This isn't without loss. On average it might be around 8% but this is grossly distorted by lots of large loads that are served relatively efficiently at high voltages.

 

The losses en route to LV domestic customers will be higher. Say 20%.

 

So 1 kWh used = 1.25 kWh supplied (80% efficient) = 3.125 kWh burned (40% efficient) = 3.4 kWh imported (allowing for LNG faffery?)

 

It's not as great as you might first think. 

 

 

Suppliers:

 

Suppliers need to "settle the bill for what they have purchased"

 

This is settled on a half hourly basis. If in that settlement window you import 3 kWh and export 2 kWh then the suppliers will only need to buy 1 kWh.

 

To charge you for 3 kWh, then pay you a pittance for 1 kWh, is a joke.

 

 

It is a legitimate argument, if you use 0 kWh and export 2 kWh, to say that they should pay you wholesale rate for that 2 kWh. 

 

They absolutely shouldn't be double dipping by charging retail rates for the gross import though. Only for the net import. That absolutely encourages socially / environmentally stupid behaviour.

 

 

 

But I'd counter that argument by saving that actually, most of the cost of each kWh (in a normal time) is recovering fixed overheads (fixed cost of dealing with a consumer, fixed cost of distribution network) not the cost of the kWh.

 

And the way that you deal with this incentive to (mis)use your own rather than export the electricity is to shift those fixed costs onto the standing charge (look, it's £500 per connection per year, ok, because that's what it actually costs to have the cable there and ready to use) then the import rate per kWh could be much closer to the export rate per kWh.

 

In Sweden the distribution and generation were separated on your bill. Distribution cost more than generation by some margin for low (domestic) consumers. Heat pumps? Please. Funny that.

  • Like 1
Link to comment

Not sure North sea gas is 1kWh = 1kWh.  Firstly offshore they use gas compression to push pressure up to get it onshore, then when onshore it is further cleaned, re-compressed to get into the distribution network, on it way to England could be re-compressed a couple of times.  1kWh is 1kWh +++.

 

Also LNG, uses huge amounts of energy, plenty of gas compression and refrigeration to get it from its gaseous state to the liquid state.

 

If you heat your water with gas, using PV via an immersion directly displaces gas use from the grid.

  • Like 1
Link to comment

For sure 1 kWh (extracted) is not the same as 1 kWh (delivered) for north sea gas. Highlighting that it's even worse for LNG was the purpose of that multiplier.

 

Using 1 kWh of PV generation to immersion heat hot water, instead of using 1.25 kWh of gas to heat hot water, will increase overall natural gas use and carbon emissions. 

 

That's because to avoid burning 1.25 kWh of gas yourself, you just took 1 kWh of electricity away from the grid, and more than 1.25 kWh of gas will need to be burned to generate that 1 kWh of electricity. The only time this stops being true is when there are so many renewables that we are burning zero gas on the grid. We are not there yet.

 

Diverting PV is economically the right thing to be doing but it is also the environmentally wrong thing to be doing.

 

  • Like 1
Link to comment
3 hours ago, markocosic said:

They absolutely shouldn't be double dipping by charging retail rates for the gross import though. Only for the net import. That absolutely encourages socially / environmentally stupid behaviour.

 

Amen to that. Why do we never seem to see any media coverage of yet another sickening extortion perpetrated by the energy sector? I would have thought it was quite a juicy story.

  • Like 1
Link to comment

Like many on here I installed the PV, no grants, no payment for export.  In fact I want to install loads more PV, but to that I either go fast track G99 and have to limit export to 16amp.  

 

The system is rubbish, the generation infrastructure doesn't really want our PV.

Link to comment
47 minutes ago, JohnMo said:

The system is rubbish, the generation infrastructure doesn't really want our PV.
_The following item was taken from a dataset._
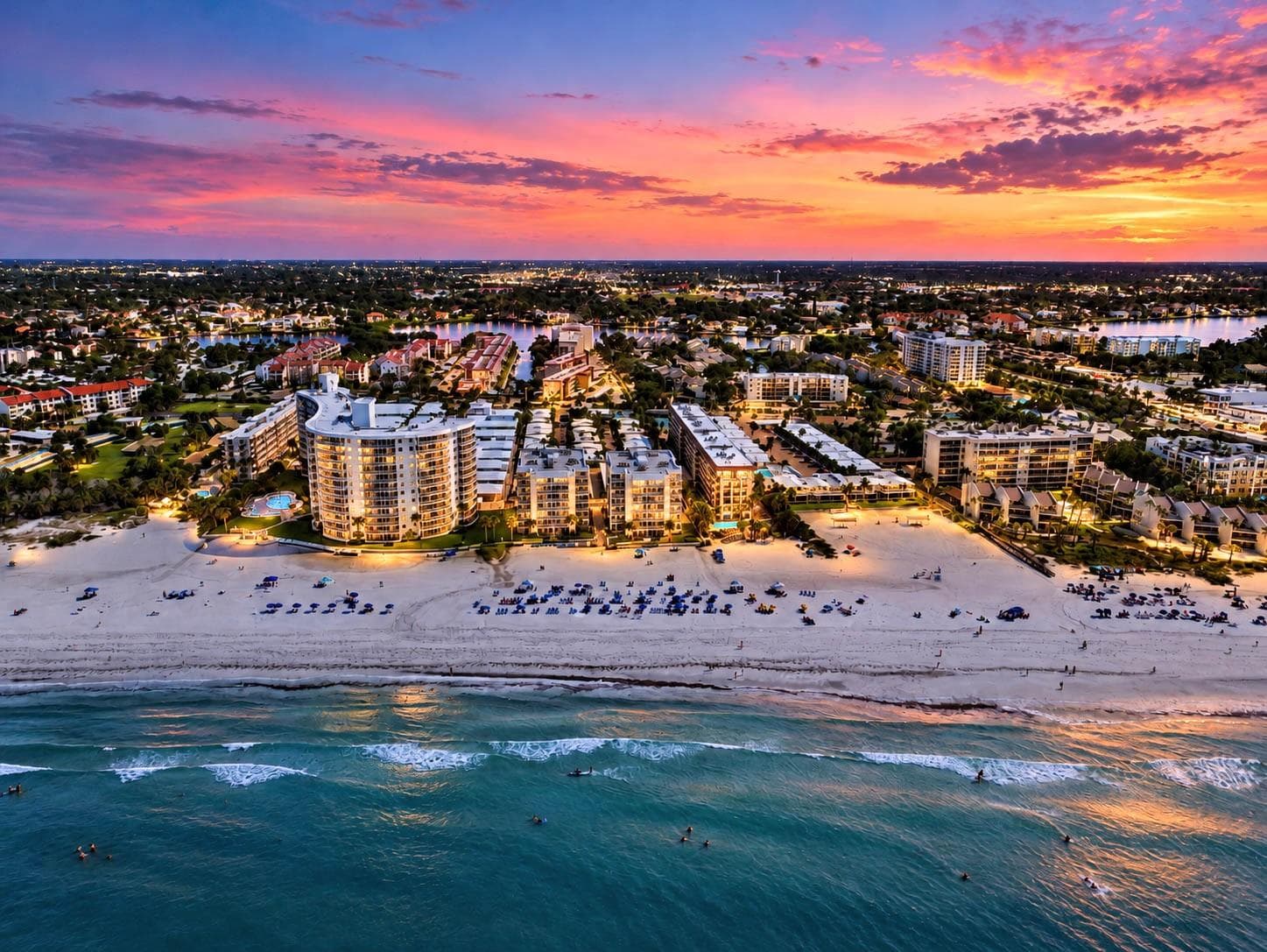 Virtual twilight – beach view at sunset - 6308 MIDNIGHT PASS RD #6, SARASOTA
And no one wants to pay to upgrade it either.

  • Like 1
Link to comment
11 minutes ago, JohnMo said:

A new leader of country will fix it - not!

Yes, been top of the policies they are promising, the only ones above it are everything else.

Rishi has already said 'no onshore turbines' or in other words, no change in policy.

At least Boris promised us that all houses will be powered by windpower by 2030, and he was an honest man.

  • Haha 1
Link to comment
1 hour ago, JohnMo said:

In fact I want to install loads more PV, but to that I either go fast track G99 and have to limit export to 16amp.  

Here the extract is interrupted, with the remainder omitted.